What does YOUR STATE do? If your State selects the PC Option, they get to design the program and decide the following:

(a) whether PC Option services are provided only in the home, OR in other locations as well;

(b) whether only a doctor can prescribe these services, OR other licensed persons OR OTHER STATE DESIGNATED ENTITY can, too;

(c) whether PC services are provided by only nonrelatives, OR a parent or spouse is also permitted to provide them;

(d) whether the scope of the services is limited to only PC service, OR includes all ADLs and IDALs, including homemaker and transportation, as well as other services;

(e) whether PC services are limited to children, OR available regardless of age;

(f) amount of hours per day, week, month;

(g) amount of consumer direction allowed in the program.

Your State - not the feds - make these decisions.

MOST IMPORTANTLY, for the States (and DC) that do participate in the PC Option BUT have limitations in services based on either the number of hours per day or the amount of dollars cap, those limitations are SOLELY a State decision. For example, some States limit the PC Option to a few hours a day and some have no limit on the number of hours; some States have cost caps set at 100% of Nursing Facility costs and some have no cost caps. That's YOUR State's decision.
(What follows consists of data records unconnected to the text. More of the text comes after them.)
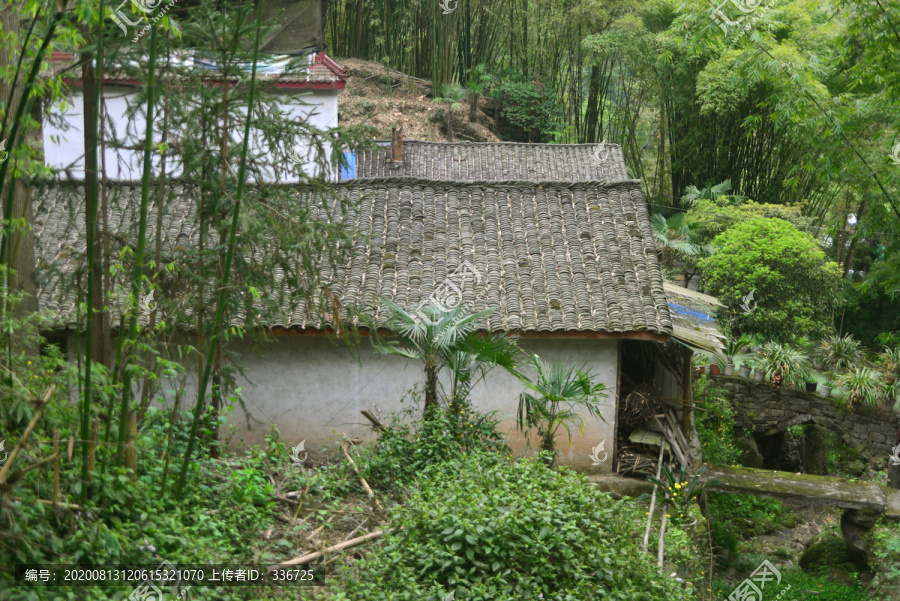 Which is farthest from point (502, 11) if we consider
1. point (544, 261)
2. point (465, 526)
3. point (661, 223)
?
point (465, 526)

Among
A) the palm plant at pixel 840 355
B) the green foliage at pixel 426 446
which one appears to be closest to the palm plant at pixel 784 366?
the palm plant at pixel 840 355

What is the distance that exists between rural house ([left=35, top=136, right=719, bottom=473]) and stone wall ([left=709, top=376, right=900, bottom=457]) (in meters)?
4.15

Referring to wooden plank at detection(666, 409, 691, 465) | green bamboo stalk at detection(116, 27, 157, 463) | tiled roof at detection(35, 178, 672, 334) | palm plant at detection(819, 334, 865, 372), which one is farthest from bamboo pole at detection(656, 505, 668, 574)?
palm plant at detection(819, 334, 865, 372)

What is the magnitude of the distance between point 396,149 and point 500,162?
106 inches

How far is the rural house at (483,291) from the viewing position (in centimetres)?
802

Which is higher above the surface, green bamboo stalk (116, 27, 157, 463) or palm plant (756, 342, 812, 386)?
green bamboo stalk (116, 27, 157, 463)

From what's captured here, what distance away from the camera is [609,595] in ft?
14.2

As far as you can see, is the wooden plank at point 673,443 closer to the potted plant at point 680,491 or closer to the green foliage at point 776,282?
the potted plant at point 680,491

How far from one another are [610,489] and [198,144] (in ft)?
18.0

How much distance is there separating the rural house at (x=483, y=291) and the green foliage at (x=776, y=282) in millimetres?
4853

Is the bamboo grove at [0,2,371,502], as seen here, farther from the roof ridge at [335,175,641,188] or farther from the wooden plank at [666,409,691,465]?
the wooden plank at [666,409,691,465]

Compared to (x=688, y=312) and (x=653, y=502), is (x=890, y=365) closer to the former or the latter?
(x=688, y=312)

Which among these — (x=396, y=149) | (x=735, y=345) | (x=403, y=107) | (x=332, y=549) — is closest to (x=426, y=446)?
(x=332, y=549)

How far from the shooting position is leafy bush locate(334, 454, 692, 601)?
167 inches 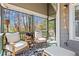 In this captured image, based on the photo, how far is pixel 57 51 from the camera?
13.2 ft

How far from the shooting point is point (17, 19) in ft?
13.5

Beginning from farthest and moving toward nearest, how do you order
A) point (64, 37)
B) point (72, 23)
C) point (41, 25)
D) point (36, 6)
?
point (64, 37), point (72, 23), point (41, 25), point (36, 6)

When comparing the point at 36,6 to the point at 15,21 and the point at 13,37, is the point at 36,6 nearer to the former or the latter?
the point at 15,21

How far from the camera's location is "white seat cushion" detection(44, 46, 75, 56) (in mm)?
3934

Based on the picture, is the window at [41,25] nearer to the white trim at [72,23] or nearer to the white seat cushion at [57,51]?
the white seat cushion at [57,51]

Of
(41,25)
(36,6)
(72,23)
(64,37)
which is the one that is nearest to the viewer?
(36,6)

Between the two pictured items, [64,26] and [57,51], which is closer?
[57,51]

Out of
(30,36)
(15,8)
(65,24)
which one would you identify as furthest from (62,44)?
(15,8)

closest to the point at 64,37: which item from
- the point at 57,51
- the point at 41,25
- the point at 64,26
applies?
the point at 64,26

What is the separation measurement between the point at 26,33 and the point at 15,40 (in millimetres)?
314

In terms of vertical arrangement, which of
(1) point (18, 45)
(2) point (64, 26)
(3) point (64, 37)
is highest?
(2) point (64, 26)

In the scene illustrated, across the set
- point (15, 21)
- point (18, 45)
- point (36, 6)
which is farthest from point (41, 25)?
point (18, 45)

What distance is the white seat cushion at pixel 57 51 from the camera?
393 centimetres

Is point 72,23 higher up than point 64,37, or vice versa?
point 72,23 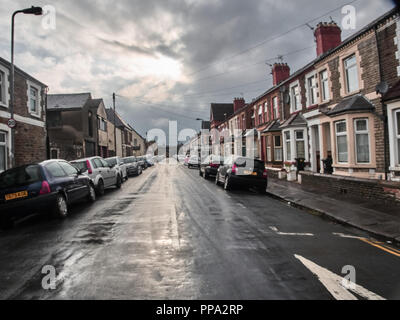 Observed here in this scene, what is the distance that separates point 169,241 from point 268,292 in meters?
2.44

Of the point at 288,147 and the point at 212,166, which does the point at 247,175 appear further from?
the point at 288,147

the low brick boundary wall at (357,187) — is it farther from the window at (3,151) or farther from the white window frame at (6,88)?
the white window frame at (6,88)

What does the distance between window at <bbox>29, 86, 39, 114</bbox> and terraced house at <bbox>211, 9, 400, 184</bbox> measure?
15.6 metres

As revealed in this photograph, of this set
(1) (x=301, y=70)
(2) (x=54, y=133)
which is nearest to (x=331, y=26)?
(1) (x=301, y=70)

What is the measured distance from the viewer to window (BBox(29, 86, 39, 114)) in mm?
16852

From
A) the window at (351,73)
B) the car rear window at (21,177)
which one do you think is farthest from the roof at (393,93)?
the car rear window at (21,177)

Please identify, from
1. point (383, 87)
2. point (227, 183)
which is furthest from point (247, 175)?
point (383, 87)

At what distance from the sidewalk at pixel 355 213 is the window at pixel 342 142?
10.7 feet

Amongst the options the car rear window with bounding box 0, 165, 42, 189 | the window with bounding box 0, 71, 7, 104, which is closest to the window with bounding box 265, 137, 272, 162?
the window with bounding box 0, 71, 7, 104

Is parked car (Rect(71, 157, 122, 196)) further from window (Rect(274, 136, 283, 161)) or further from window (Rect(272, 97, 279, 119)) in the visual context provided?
window (Rect(272, 97, 279, 119))

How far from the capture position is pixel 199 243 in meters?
5.19

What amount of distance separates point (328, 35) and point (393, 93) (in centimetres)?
821

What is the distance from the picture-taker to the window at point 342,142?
1309 cm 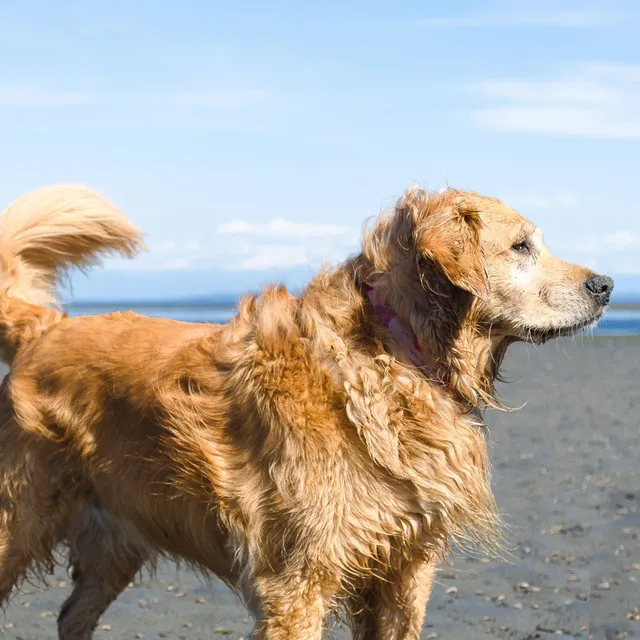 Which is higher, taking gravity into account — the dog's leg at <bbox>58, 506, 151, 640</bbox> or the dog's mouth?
the dog's mouth

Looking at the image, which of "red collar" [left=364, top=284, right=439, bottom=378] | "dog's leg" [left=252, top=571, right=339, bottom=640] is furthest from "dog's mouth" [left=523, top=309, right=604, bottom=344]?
"dog's leg" [left=252, top=571, right=339, bottom=640]

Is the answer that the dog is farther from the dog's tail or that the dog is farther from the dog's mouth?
the dog's tail

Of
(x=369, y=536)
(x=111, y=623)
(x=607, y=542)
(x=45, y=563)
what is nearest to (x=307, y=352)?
(x=369, y=536)

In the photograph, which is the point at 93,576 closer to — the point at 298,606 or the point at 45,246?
the point at 298,606

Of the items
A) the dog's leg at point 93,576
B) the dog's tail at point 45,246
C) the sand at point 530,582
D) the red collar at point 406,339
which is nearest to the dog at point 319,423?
the red collar at point 406,339

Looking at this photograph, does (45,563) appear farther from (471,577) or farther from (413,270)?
(471,577)

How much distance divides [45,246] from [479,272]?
9.27 feet

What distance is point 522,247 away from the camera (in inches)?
180

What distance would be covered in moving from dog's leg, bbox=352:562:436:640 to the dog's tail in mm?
2303

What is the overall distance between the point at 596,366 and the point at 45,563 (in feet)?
53.7

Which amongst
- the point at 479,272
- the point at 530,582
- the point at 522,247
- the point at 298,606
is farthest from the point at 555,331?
the point at 530,582

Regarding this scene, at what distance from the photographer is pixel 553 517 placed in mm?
8266

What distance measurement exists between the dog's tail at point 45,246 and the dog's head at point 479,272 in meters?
2.07

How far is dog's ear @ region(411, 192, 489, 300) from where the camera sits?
4281 mm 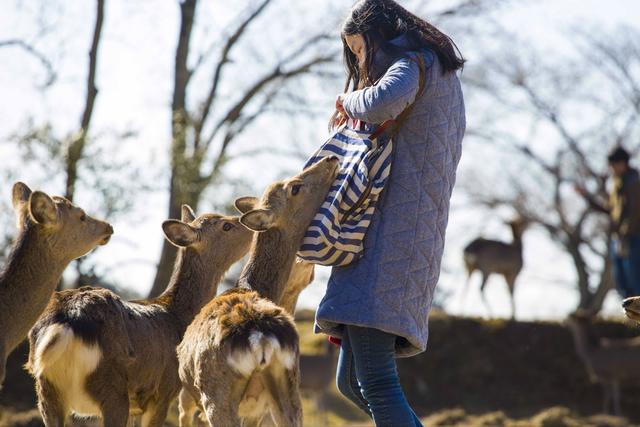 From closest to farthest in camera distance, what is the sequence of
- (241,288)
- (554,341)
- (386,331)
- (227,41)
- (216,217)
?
1. (386,331)
2. (241,288)
3. (216,217)
4. (554,341)
5. (227,41)

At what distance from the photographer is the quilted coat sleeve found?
5141mm

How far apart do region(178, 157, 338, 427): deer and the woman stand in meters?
0.27

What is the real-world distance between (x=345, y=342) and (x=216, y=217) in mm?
2448

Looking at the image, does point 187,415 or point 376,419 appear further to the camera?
point 187,415

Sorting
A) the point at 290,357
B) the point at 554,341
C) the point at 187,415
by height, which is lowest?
the point at 187,415

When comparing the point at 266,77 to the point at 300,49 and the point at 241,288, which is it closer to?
the point at 300,49

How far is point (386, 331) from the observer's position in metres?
5.16

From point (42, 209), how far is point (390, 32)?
8.26ft

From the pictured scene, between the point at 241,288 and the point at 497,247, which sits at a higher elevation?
the point at 497,247

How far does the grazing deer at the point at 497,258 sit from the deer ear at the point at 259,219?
1202cm

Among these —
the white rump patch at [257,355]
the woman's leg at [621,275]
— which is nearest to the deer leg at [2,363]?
the white rump patch at [257,355]

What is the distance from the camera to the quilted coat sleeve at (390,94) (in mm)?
5141

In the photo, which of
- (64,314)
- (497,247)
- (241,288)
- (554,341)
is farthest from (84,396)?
(497,247)

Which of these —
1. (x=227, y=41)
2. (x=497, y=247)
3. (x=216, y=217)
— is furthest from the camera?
(x=497, y=247) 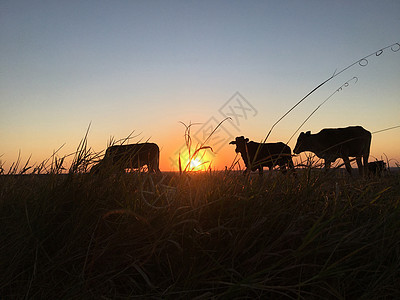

THE BOTTOM LINE - Since the federal Medical Assistance statute is supposed to provide "rehabilitation and other services to help such families and individuals [with disabilities] ... retain capability for independence or self-care," [42 USC §1396], you must ORGANIZE TO PRESSURE YOUR State to provide PC Options and to provide them as needed without hourly caps and without cost caps.

One thing we would suggest is to have folks contact people in states that sound like they are getting good use out of the PC Option, such as CA, MO, NY, TX. Ask them how their PC Option is working, and how they advocated to get the PC Option in their State. THEN USE THIS INFORMATION IN YOUR STATE.